地球を守るお嬢様は完璧なのに恋を知りません!

 空飛ぶ車が、昼間の青空に浮かんでいる。
 2X85年。
 人類は、空を飛ぶことにも宇宙を身近に感じることにも、もう慣れていた。
 私、天城糸(あまぎ・いと)は、11時に開始する試験に歩いて向かう。
 幼馴染の黒羽月(くろば・つき)とともに。

ーーゴオオオオ。

「……また来る。逃げてください!」

 月が周囲の人に声をかけた。
 町の上空に、警告音が響く。

ーーウィーン、ウィーン!

【隕石接近。隕石接近。市民はただちに避難してください】

(警告音パターンB、落下まで平均6.2秒、着弾半径200メートル以内――過去12件と一致)

「糸! 東だ!」

「わかってる」

 先ほどの警報が鳴ってから1秒。
 落ちる隕石の方角へ全力で走る。
 こんな大事な日に…迷惑な宇宙人だ。

°。°。☆°。°。☆°。°。°。°。☆°。°。☆°。°。

 この10年、地球には“頻繁に”隕石が落ちてくるようになった。
  2X75年に起きた「第一次宇宙大戦」ーー宇宙人との戦争だ。
 命をかけて地球を救ったアースシールド♾️ーー地球を守る組織。
 そして、その戦争の第一線で命の灯火が消えるまで戦った隊長だった父と副隊長だった母。
(父の最終任務コード、母の戦術ログ、全部、頭に入っている)
 その宇宙人との戦いを、同盟というかたちで終息させた祖父。
 同盟を結んでから10年が経ったが、同盟といっても、ただの口約束みたいなもので。
(同盟条約第三条第二項。「不可侵努力義務」――破られる前提の文章)
 同盟後、宇宙人は、大きな戦いは起こしていない。
 ただ、自然現象で起きたかのように見せかけて、隕石を地球に降らせている。
 隕石といっても、ただの岩じゃない。
 宇宙人が放つそれは、正体不明のエネルギー反応を持つ隕石。
 その岩を調査し、回収すれば、何者かの手でそれが放たれたことは明らかで。
 エネルギーを帯びた隕石というだけで厄介なのに、ときには――中から現れる“宇宙生命体=敵”と戦わなくてはならない、危険な世の中だ。

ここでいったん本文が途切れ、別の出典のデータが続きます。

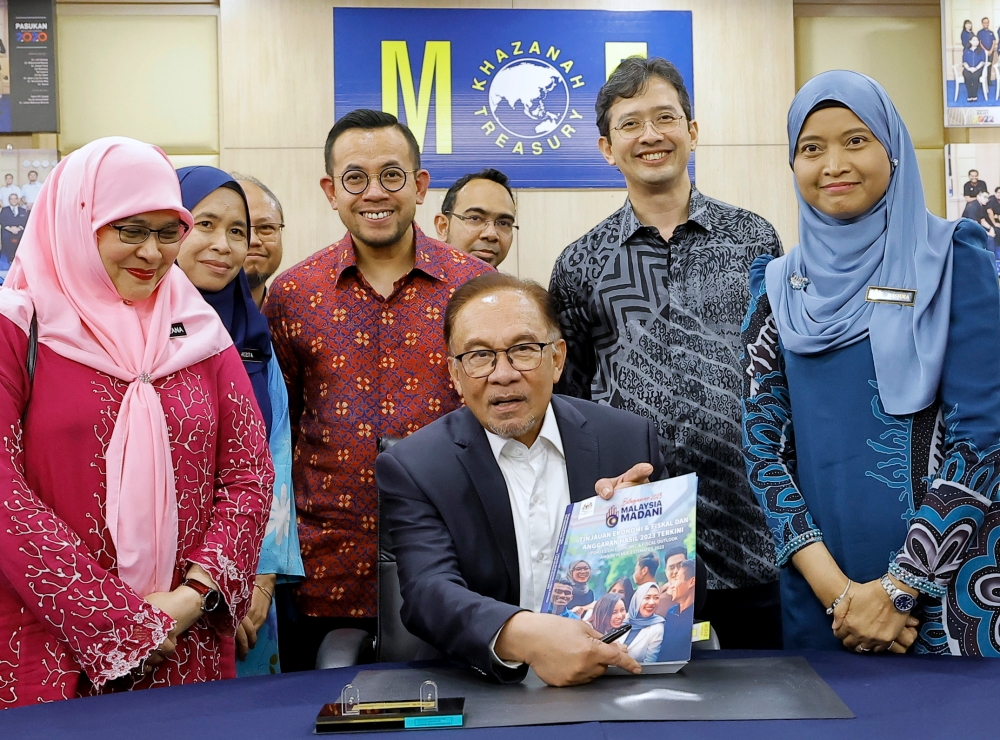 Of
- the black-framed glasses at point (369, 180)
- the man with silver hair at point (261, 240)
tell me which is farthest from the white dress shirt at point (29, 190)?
the black-framed glasses at point (369, 180)

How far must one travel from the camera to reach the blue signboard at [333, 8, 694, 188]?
547cm

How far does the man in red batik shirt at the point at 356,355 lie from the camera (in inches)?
106

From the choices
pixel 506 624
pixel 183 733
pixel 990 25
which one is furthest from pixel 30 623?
pixel 990 25

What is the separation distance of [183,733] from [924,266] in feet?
5.21

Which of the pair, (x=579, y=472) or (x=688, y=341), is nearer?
(x=579, y=472)

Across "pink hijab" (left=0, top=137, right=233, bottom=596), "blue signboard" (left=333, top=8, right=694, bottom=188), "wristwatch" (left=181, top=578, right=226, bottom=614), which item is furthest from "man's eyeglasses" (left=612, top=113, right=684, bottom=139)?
"blue signboard" (left=333, top=8, right=694, bottom=188)

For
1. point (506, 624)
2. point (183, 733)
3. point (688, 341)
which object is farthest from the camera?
point (688, 341)

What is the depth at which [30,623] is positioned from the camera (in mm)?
1878

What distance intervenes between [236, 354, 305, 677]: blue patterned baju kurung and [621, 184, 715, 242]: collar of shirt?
40.2 inches

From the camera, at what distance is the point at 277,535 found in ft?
8.55

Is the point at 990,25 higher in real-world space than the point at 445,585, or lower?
higher

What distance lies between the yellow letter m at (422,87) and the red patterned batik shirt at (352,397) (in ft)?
9.30

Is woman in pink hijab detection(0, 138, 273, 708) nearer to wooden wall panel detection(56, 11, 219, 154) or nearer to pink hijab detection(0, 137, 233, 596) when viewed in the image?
pink hijab detection(0, 137, 233, 596)

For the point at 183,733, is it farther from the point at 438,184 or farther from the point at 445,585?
the point at 438,184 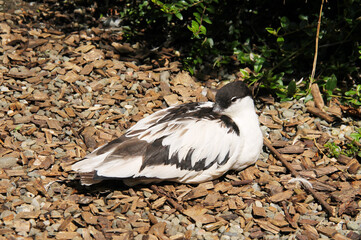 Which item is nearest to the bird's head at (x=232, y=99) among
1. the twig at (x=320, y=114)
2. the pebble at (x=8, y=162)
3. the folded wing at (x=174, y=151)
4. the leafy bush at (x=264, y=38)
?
the folded wing at (x=174, y=151)

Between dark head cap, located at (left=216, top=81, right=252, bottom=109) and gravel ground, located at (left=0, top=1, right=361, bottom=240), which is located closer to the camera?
gravel ground, located at (left=0, top=1, right=361, bottom=240)

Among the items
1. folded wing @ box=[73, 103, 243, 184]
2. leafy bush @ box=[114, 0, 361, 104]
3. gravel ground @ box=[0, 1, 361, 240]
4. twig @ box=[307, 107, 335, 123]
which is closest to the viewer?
gravel ground @ box=[0, 1, 361, 240]

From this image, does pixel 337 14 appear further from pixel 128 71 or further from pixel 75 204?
pixel 75 204

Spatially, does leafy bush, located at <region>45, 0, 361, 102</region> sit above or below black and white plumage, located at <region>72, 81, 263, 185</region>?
above

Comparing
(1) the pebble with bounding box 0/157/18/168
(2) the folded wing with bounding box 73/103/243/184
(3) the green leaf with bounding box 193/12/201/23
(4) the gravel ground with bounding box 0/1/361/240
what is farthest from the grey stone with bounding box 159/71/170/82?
(1) the pebble with bounding box 0/157/18/168

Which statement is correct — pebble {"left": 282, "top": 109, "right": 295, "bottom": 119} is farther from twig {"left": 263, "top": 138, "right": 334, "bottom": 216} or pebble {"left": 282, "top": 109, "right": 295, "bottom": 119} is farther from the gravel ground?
twig {"left": 263, "top": 138, "right": 334, "bottom": 216}

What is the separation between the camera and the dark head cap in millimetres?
4254

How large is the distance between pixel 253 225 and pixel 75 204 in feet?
5.04

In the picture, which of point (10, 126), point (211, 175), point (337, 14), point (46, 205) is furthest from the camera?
point (337, 14)

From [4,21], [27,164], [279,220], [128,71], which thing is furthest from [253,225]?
[4,21]

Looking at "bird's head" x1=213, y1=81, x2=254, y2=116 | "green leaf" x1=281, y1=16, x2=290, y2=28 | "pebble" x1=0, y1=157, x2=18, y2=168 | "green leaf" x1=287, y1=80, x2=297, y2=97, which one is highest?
"green leaf" x1=281, y1=16, x2=290, y2=28

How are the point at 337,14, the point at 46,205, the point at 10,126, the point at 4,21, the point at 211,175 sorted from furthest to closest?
the point at 4,21
the point at 337,14
the point at 10,126
the point at 211,175
the point at 46,205

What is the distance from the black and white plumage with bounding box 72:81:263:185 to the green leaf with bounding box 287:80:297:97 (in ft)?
2.78

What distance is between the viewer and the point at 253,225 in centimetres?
381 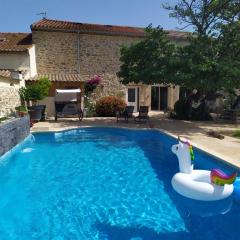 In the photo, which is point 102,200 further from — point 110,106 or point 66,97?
point 66,97

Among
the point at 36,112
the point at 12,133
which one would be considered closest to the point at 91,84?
the point at 36,112

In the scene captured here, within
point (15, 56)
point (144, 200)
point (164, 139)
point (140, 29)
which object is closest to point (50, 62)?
point (15, 56)

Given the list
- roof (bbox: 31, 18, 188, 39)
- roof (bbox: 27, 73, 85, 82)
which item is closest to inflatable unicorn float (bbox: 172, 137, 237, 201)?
roof (bbox: 27, 73, 85, 82)

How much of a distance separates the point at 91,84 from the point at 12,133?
1213 cm

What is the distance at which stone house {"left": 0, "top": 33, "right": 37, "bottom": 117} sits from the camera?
48.8 feet

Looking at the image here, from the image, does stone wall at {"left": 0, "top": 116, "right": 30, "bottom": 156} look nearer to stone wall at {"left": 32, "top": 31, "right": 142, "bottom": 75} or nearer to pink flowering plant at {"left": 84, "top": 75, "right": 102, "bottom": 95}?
pink flowering plant at {"left": 84, "top": 75, "right": 102, "bottom": 95}

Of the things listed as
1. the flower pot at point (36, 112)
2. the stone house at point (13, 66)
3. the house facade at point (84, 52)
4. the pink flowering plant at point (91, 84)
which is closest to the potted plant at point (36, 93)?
the flower pot at point (36, 112)

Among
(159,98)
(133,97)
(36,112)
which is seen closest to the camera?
(36,112)

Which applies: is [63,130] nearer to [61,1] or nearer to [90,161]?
[90,161]

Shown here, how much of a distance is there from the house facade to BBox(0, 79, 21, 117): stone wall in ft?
15.7

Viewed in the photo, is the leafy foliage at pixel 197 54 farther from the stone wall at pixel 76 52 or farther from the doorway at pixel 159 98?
the doorway at pixel 159 98

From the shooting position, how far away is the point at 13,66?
19.9m

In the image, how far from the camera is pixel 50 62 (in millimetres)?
22188

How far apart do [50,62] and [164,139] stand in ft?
40.4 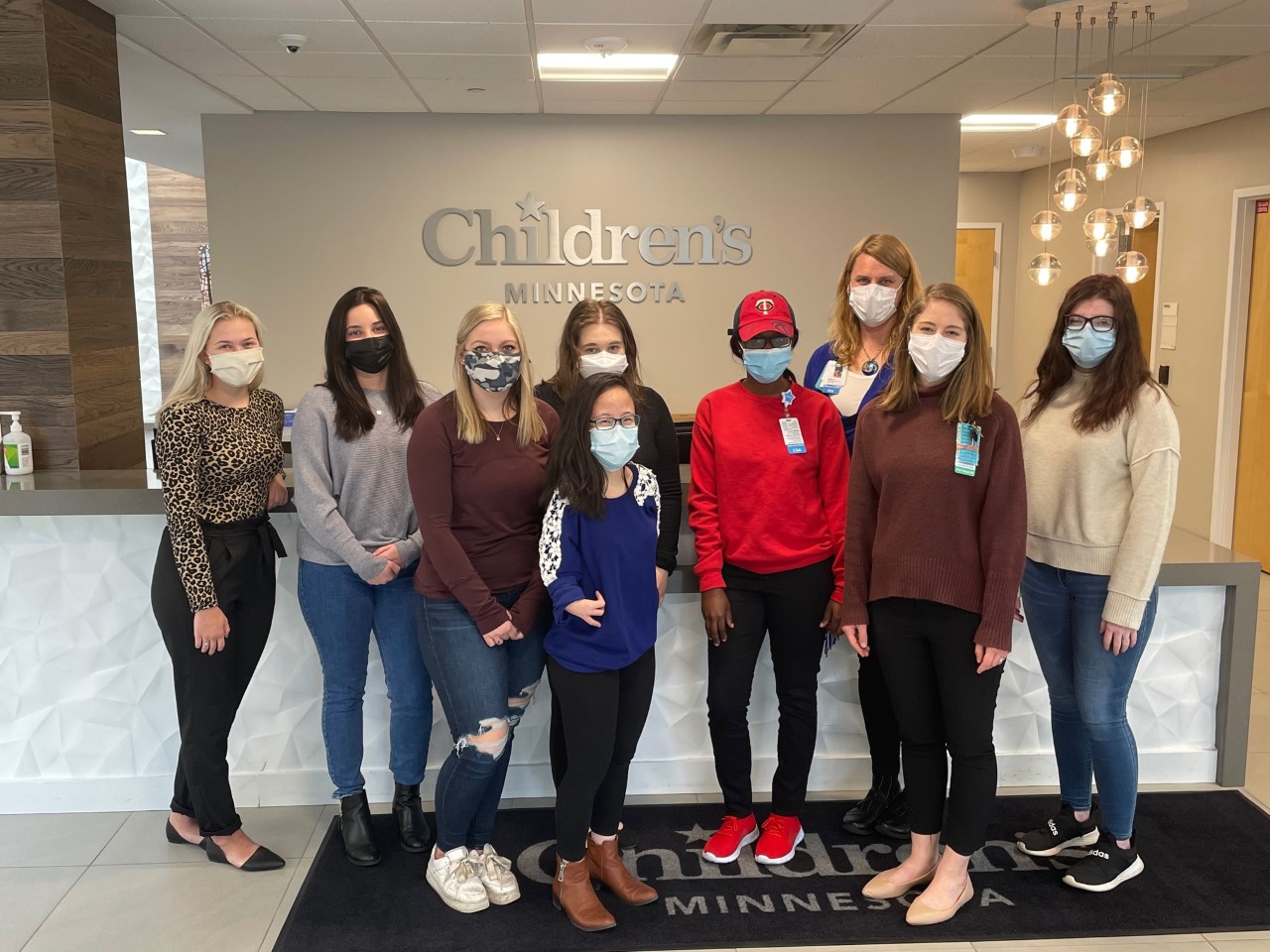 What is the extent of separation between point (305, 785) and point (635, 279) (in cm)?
431

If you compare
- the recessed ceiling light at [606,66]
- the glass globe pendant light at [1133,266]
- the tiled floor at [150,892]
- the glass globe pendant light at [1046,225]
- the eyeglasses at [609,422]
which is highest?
the recessed ceiling light at [606,66]

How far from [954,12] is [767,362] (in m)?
2.50

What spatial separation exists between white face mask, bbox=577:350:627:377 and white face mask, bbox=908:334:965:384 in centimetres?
71

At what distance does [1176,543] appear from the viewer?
3.37 m

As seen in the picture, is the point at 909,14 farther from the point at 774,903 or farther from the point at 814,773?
the point at 774,903

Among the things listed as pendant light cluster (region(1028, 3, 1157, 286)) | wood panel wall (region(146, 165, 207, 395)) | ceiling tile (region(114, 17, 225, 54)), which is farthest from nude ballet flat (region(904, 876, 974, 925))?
wood panel wall (region(146, 165, 207, 395))

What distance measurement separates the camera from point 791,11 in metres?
4.23

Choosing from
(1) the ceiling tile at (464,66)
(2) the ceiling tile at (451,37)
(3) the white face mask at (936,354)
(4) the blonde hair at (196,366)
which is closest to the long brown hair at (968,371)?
(3) the white face mask at (936,354)

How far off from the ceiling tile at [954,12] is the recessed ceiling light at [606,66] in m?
1.17

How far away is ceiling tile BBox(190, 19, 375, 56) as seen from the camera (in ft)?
14.4

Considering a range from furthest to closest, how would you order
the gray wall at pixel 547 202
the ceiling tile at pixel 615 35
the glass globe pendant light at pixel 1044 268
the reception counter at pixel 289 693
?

°。°。☆°。°。☆°。°。°。°。☆°。°。☆°。°。

 私と幼馴染の月はアースシールド♾️候補生だ。
 候補生には、特殊スーツと、宇宙人もしくは宇宙生命体のみを撃退できる銃が与えられている。

「スーツ起動」

 日常的には使用していないので、スーツを起動し、いつでも攻撃できるように銃を抱えながら目的地へと向かう。

ーーブォーン!

「「「「ぎゃーーーーー」」」」

 爆風と悲鳴。

「小型か、数体いる」

「まじか! これは結構まずいな…」

ーーギチ、ギチギチ。

 嫌な音がして、記憶の中のケースと一致させる。
(ケースNo.42。小型寄生型。初動が遅い代わりに、群れる)

「月、数は?」

「まだ見えねぇ!」

「見えた」

 一歩、前に出て、銃を構える。
 亀裂の奥から、黒い影が――3、5、8。
(最低8体、最大12体。弱点は関節部)

「このケースは、群れていたとしても12体以下だ」

 影が飛び出してこちらに向かってくる。
 獣でも虫でもない、歪な“何か”。

ーーギィィィィ!

「うっわ、気色わりぃ!」

「集中しろ。弱点は関節部だ」

 照準をを合わせて引き金を引く。

ーーズドン!

 一体が地面に叩きつけられる。
 続けざまに、二体、三体。
(弾数、残り27)

「糸、相変わらず正確すぎだろ!」

「記憶してるだけだ」

 飛びかかってきた一体を、回転しながらかわす。
 背後に回った瞬間、関節を撃ち抜いた。

ーーグシャッ。

 動きの癖からして去年発生した小型と同じだ。
 でも――。

「……チッ」

 隕石の中心が、さらに明るくなる。
 記憶が頭の中で一気に並び替えられる。
 (過去の戦闘、訓練、失敗例)
 父と母のログ。

「月、下がれ!」

「は?」といいながら月が私の隣まで下がる。

「次は自爆してくる」

 言い終わる前に、隕石が――弾けた。

ーーゴォン!!

 衝撃波が襲ってきて、腕で遮る。
(爆心から3メートル。安全圏)
 想定内だ。
 煙の向こうで最後の一体が、こちらを睨んでいる。
 だが、引き金を引く指に、迷いはない。

ーーバン!

 影は、音もなく崩れ落ち、静寂が流れた。